**Source material**
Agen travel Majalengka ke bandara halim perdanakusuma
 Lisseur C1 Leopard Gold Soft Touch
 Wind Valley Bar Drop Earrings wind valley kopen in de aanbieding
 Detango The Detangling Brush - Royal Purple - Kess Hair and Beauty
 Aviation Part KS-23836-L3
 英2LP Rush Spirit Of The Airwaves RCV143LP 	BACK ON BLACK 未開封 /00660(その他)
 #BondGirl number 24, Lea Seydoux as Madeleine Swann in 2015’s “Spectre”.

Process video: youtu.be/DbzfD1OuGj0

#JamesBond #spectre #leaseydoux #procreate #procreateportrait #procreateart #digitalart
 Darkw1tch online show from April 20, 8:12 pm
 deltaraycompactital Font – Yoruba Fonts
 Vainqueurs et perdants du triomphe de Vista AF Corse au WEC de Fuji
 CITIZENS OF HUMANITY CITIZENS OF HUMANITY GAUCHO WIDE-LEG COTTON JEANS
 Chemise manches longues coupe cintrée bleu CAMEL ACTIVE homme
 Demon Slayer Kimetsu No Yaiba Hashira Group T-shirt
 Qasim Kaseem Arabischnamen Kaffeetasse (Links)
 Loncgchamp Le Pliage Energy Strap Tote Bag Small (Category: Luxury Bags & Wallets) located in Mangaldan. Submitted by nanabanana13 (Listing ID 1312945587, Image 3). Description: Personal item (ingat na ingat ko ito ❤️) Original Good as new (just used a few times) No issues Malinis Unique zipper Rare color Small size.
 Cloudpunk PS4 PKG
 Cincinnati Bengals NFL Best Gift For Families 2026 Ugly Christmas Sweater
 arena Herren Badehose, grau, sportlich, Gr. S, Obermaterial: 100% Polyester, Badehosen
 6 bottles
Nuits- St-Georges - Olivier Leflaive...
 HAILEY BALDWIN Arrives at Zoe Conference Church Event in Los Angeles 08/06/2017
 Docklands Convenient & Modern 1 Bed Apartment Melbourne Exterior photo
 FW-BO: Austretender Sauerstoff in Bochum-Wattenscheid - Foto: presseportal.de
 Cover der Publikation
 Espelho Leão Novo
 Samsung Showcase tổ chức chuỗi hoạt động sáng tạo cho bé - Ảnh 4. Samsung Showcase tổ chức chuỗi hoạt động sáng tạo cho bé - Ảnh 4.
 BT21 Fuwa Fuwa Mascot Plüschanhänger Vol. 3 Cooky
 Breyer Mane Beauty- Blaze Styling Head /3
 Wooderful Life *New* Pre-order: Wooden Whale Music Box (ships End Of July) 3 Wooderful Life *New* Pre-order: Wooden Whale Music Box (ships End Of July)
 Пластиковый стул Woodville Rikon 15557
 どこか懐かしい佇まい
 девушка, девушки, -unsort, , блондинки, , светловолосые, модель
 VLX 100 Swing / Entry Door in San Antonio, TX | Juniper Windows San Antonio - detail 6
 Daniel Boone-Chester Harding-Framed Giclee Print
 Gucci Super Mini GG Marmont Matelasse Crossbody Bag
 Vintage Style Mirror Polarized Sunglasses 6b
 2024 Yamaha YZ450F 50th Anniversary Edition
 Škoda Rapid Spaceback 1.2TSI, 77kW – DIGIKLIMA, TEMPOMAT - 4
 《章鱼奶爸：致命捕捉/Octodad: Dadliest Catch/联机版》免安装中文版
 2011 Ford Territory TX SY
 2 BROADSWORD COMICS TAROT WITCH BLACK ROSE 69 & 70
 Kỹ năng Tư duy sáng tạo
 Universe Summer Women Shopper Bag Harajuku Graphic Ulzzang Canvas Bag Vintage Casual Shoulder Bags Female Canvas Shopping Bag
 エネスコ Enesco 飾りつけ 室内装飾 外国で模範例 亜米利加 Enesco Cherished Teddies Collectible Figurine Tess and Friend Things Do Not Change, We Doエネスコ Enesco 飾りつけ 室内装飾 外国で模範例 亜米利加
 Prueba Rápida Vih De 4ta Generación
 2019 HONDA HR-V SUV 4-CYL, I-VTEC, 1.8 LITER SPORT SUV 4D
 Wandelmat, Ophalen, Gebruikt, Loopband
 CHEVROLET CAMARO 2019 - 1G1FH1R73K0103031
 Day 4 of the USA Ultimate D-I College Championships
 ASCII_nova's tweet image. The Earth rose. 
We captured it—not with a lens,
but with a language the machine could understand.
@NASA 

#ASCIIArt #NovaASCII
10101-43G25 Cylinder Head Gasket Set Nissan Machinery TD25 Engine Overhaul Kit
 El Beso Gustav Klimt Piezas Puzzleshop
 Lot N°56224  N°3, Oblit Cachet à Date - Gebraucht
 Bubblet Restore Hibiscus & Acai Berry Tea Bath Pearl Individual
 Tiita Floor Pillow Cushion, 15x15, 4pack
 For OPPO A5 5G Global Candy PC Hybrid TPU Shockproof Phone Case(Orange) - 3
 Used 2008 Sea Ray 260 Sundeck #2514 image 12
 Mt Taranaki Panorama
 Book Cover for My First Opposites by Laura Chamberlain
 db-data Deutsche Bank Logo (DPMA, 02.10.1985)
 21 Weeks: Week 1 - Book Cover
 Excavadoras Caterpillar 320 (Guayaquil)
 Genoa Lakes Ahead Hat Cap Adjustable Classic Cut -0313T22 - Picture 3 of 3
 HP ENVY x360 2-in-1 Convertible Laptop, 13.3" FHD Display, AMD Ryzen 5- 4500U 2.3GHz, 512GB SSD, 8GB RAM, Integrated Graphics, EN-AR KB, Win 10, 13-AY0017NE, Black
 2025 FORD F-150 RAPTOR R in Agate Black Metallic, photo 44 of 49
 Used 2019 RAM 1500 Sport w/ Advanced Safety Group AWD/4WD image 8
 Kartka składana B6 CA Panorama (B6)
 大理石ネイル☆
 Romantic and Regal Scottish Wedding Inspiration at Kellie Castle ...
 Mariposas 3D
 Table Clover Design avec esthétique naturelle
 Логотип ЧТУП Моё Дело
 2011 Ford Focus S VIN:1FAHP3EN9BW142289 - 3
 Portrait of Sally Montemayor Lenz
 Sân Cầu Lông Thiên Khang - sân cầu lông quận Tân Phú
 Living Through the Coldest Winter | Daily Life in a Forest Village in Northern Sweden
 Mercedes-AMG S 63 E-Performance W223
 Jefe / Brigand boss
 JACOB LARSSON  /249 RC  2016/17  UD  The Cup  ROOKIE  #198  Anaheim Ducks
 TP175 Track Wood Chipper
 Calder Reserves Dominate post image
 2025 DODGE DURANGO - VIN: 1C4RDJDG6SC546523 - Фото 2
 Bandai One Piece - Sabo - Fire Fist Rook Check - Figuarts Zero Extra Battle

**Problem description**
Within the data above, how many lines contain "sáng"? Respond with the tally alone.

**Output for this exercise**
2